The Trump administration, including the president, disputes that climate change exists. Bill Gates is founder of the billion-dollar Breakthrough Energy Ventures investment fund. He says American innovation is still necessary if we’re going to meet U.N. goals of becoming carbon neutral by 2050.
“The U.S. is critical because so much of the innovation power in the globe is in the United States: the universities, the national labs, the risk capital formation,” he said. “So, to invent new ways of making steel and cement, or clean hydrogen aviation fuels with no emissions, without the U.S. scientific capability engaged and seeing that as a future market and good for the planet, we won’t hit the 2050 deadline for this.”
The full transcript of the “Marketplace Tech” interview with Bill Gates is available here. Tomorrow, he’ll talk with Molly Wood about whose job it really is to solve the world’s biggest problems.
Related links: More insight from Molly Wood
It was, despite my comments about the tech industry, not a bad week in tech and climate. Google announced a really ambitious climate goal: to run its entire operations on carbon-free energy by 2030. The company also said it’s bought enough carbon offsets and invested in enough renewable energy to basically cancel all its carbon emissions since 1998.

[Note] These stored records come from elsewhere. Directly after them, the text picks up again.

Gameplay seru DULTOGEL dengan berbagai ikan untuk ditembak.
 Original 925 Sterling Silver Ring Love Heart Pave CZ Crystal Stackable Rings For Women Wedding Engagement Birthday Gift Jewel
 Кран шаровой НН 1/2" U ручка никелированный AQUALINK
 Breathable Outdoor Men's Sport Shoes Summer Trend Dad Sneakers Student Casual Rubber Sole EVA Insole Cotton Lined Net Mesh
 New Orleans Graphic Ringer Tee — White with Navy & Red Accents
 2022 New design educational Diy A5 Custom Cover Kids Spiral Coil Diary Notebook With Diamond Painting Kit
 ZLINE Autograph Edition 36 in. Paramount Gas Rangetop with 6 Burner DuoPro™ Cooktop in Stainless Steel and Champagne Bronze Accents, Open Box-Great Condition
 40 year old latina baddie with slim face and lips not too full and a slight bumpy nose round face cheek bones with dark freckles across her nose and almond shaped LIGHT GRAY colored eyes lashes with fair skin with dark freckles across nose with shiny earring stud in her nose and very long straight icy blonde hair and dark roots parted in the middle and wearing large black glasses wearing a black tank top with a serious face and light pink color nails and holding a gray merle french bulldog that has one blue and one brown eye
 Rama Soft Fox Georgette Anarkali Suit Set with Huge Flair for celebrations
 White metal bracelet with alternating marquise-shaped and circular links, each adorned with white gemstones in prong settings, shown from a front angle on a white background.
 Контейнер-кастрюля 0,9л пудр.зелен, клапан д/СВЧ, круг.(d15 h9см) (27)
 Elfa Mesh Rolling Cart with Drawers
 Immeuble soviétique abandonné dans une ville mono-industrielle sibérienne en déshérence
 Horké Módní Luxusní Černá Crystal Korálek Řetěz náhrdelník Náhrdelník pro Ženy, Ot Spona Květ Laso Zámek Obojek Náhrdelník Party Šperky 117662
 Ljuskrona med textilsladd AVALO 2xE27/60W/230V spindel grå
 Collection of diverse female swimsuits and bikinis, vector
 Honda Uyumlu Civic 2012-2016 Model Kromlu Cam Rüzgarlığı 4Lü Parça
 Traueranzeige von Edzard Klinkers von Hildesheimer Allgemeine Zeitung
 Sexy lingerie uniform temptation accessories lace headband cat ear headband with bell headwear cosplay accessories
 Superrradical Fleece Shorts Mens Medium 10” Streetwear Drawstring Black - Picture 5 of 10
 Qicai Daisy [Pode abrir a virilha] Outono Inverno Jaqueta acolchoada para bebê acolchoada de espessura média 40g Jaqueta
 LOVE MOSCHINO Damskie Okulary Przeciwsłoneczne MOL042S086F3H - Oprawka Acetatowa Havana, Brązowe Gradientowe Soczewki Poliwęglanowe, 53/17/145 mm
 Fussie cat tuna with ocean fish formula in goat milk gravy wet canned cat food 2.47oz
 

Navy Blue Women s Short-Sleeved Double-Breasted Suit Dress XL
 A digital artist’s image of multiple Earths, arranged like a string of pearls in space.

Now, that was still a lot of carbon emissions. The Verge reports Google’s various office buildings and server farms and data centers released the equivalent of more than a million passenger cars worth of greenhouse gases in 2018 alone. But Google says it hopes its transition to 100% renewable energy will encourage other companies to do the same. More importantly, if a company the size of Google becomes a major buyer of clean energy technology and pushes the industry to create better battery tech, say for storing solar and wind power or more efficient grid infrastructure, it helps create the commercial demand that Gates and I spoke about. So, actually, that’s great news.
Facebook also has been pushed into more climate action, which is great since they wouldn’t even talk to us last year when we asked what the tech industry was doing to help innovate on climate change. The company this week announced that it would offset all of its carbon emissions this year as well and try to reach net-zero emissions for its entire supply chain by 2030. That’s not the same thing as being 100% powered by renewable energy, to be clear. It means there will be a combination of reduced fossil fuel use, combined with investment in carbon removal like planting trees or actually removing carbon from the air using a whole bunch of emerging technology.
Facebook’s move could potentially accelerate that ecosystem, which is good. I do want to point out that the country of Norway also plans to be net carbon zero by 2030. I actually wouldn’t mind seeing a comparison of the energy use between Facebook and Norway. But that’s a tangent.
Facebook also announced a new climate information center to connect people with facts about climate change. But TechCrunch points out the company does not aggressively take down or label climate disinformation. And presumably as long as we continue to consider climate denial to be a legitimate political stance, instead of, well, disinformation, that policy isn’t likely to change much.